The scholarship students are selected based on their financial situation and their interview. The school looks for students to display the kinds of skills that are helpful for successfully learning gem faceting, as well as a desire to learn a trade that is growing in East Africa and will provide a career for them.
While at the school, Gem Legacy also delivered two more new faceting machines, purchased with donated funds. Over the past few years, donors have enabled the non-profit to replace all the school’s older machines and tools with modern equipment, while also working to update the curriculum.
The Gem Legacy team additionally visited communities and schools in East African gem mining regions that have been affected by the COVID-19 pandemic.
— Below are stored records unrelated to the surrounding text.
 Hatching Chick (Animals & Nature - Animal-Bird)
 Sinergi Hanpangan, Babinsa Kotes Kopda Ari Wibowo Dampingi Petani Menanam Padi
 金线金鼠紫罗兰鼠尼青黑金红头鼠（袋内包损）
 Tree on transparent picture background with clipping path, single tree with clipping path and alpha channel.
Because so much trade has ceased, miners’ livelihoods have been impacted greatly. Since last year, the non-profit has supplied nearly 120,000 meals to families, plus safety supplies such as masks, water, and soap, via industry donations. Part of the grant awarded to Gem Legacy by the JCK Industry Fund is helping to fund these ongoing efforts.
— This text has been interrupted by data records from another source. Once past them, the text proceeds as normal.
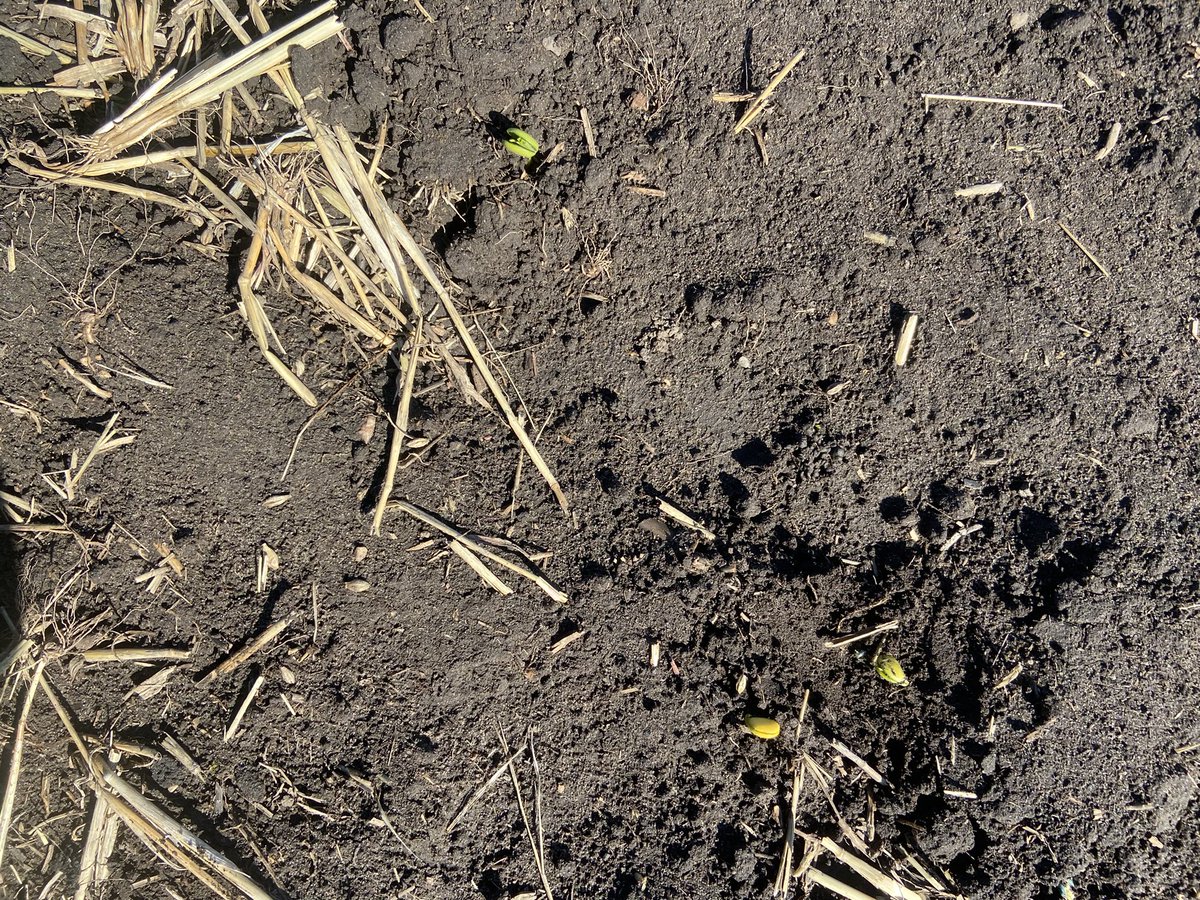Day 13 of #lupins project.  We have plants emerging, a little chilly welcome last night, -2 here with ice on top of puddles.<a href="/KoraltaAgri/">Galaxy Ag Ventures</a> <a href="/LikePulseCrops/">Mark Allan Olson</a> <a href="/AgCall/">AgCall</a>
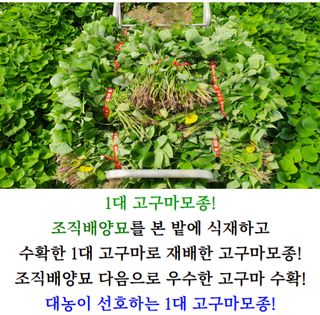 김동수님의 자유주제 · 자유게시판 작성글 사진
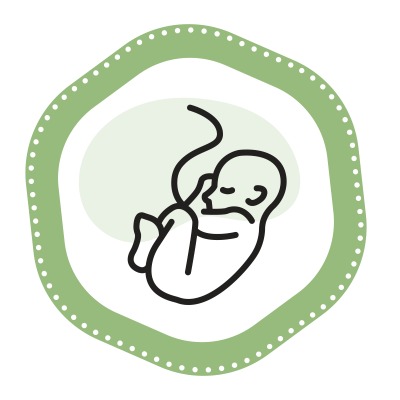 ivf iui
With the cessation of government-sponsored lunches at schools due to the crisis, Gem Legacy has also taken on the responsibility of providing breakfast and lunch to 800 children attending the Kitarini Primary School, most of whom are the children of ruby miners. “A $21 donation pays for a year of meals for each child,” says Rachel Dery, director of communication and outreach for Gem Legacy. “We know that the breakfast and lunch program is key to keeping students in school in a place where there are many disincentives to attendance, such as the demands of family farms. The food also keeps the kids alert during class, and we’ve seen national exam passing rates increase from 10% to 100% when the children are not hungry.”
Miner Tool Kits
Finally, Gem Legacy delivered 68 Miner Tool Kits across Tanzania and Kenya, made possible by other industry donations. The kits, which are underwritten at a cost of $125 each, are customized to the needs of specific miners, based on the gem type and style of mining they are doing.
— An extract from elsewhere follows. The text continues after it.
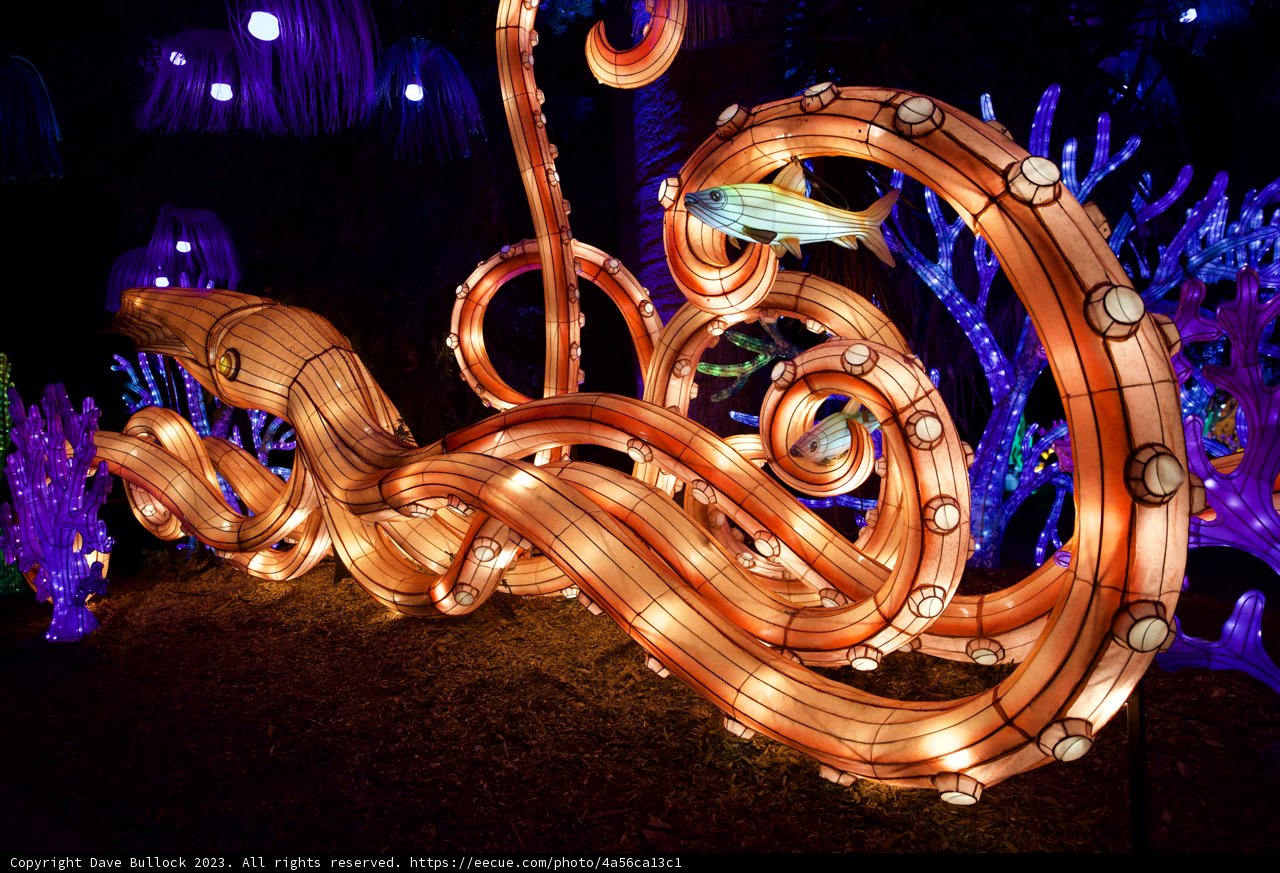 The Octopus Illumination at Glowfari, Oakland Zoo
“Tools are absolutely essential to small gem miners’ success,” says Dery. “We know that over 90% of East African miners are or were farmers first. Once they found gems on their property, they began gem mining, but most of them simply use farming implements to mine, which are mostly ineffective. The Gem Legacy Miner Toolkit provides them with more efficient set-ups that will allow them to be more productive in their mining.”
The Gem Legacy Miner Toolkit was created in partnership with local governments, which surveyed miners to ensure the kit of supplies was tailored to meet the greatest need. Among the kinds of supplies provided are shovels, chisels, hammers, pickaxes, hand drills, blasting tools, helmets, head lights, gloves, and sieves.